> **The task**:
Copy out exactly, from the entries that follow, the line holding "iPhone 11 Kılıf Zore Ays Kılıf", the line holding "Pokémon TCG Bunnelby", and all lines between them, but no pictures.

> **Supplied records**:
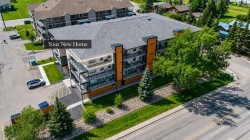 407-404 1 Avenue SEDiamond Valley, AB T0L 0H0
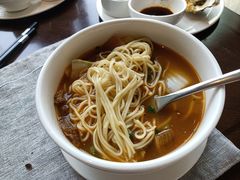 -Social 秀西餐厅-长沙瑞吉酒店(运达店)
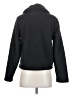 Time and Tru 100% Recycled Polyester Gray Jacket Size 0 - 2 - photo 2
--
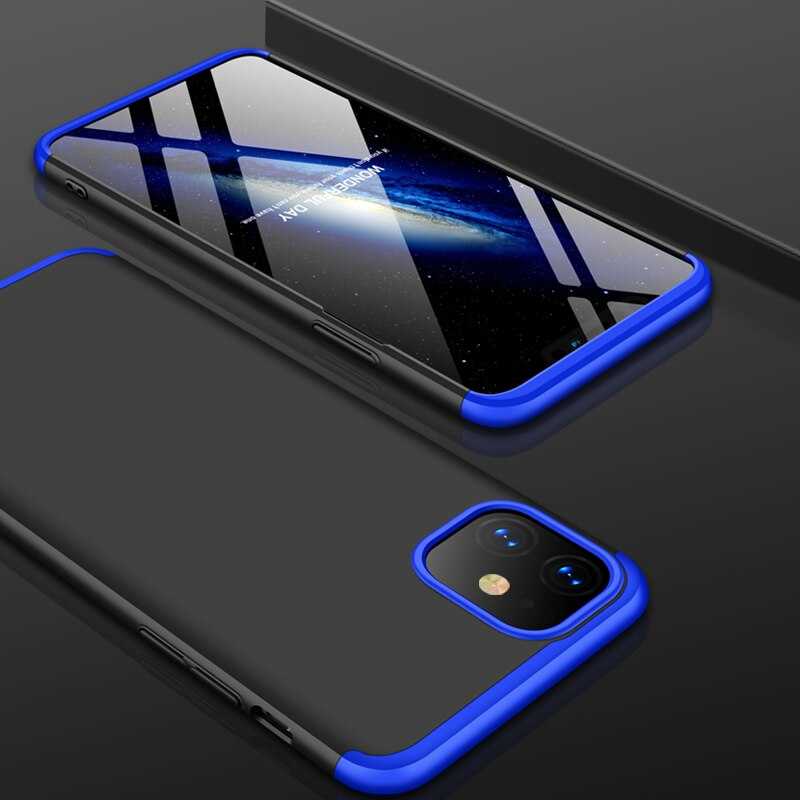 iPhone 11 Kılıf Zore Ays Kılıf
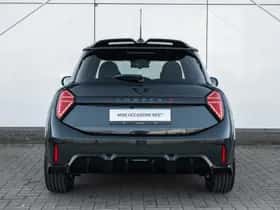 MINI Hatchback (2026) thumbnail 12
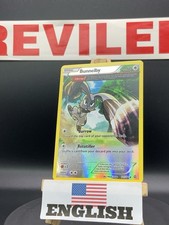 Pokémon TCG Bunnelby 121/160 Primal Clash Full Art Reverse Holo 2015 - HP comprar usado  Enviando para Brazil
--
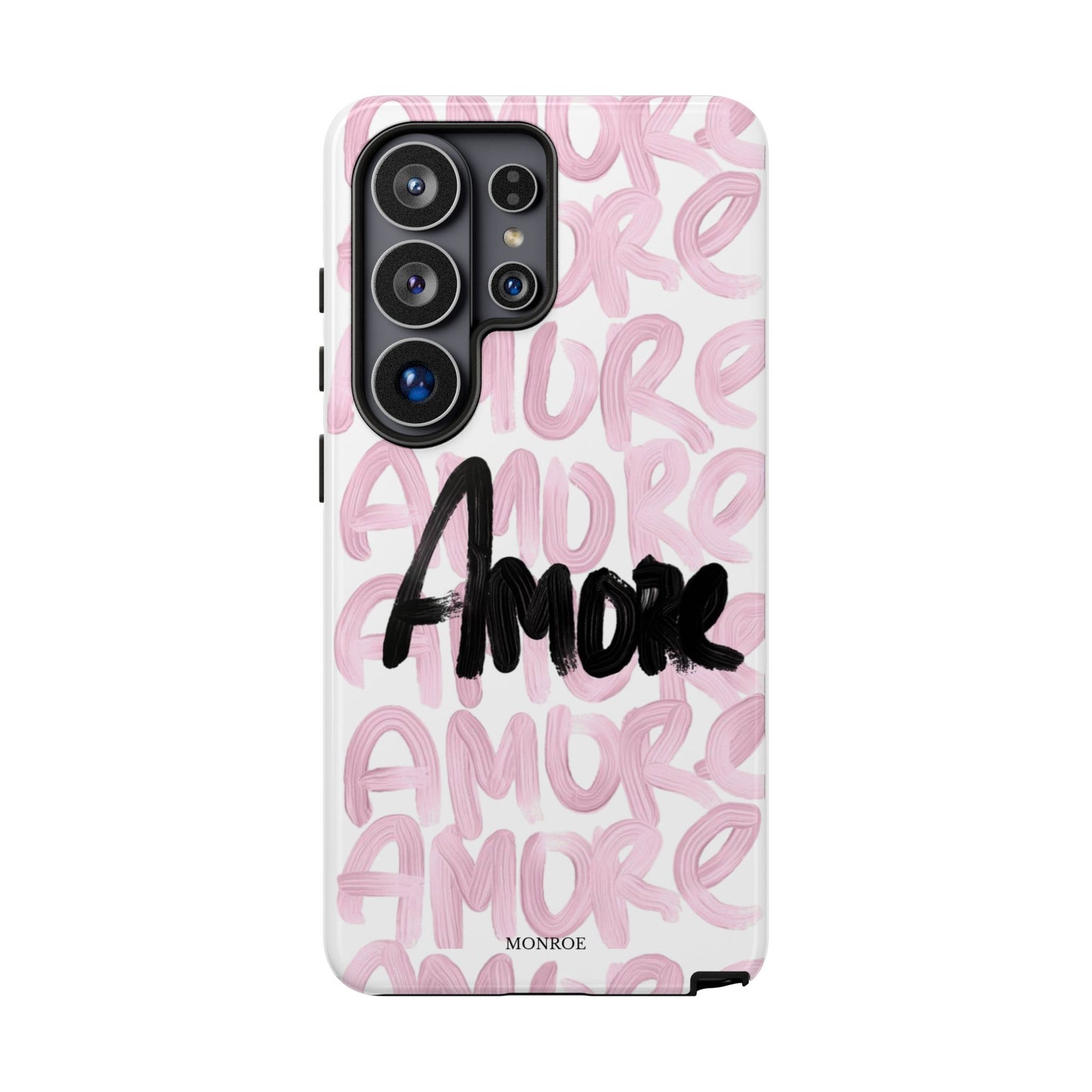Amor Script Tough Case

> **Expected answer**:
 iPhone 11 Kılıf Zore Ays Kılıf
 MINI Hatchback (2026) thumbnail 12
 Pokémon TCG Bunnelby 121/160 Primal Clash Full Art Reverse Holo 2015 - HP comprar usado  Enviando para Brazil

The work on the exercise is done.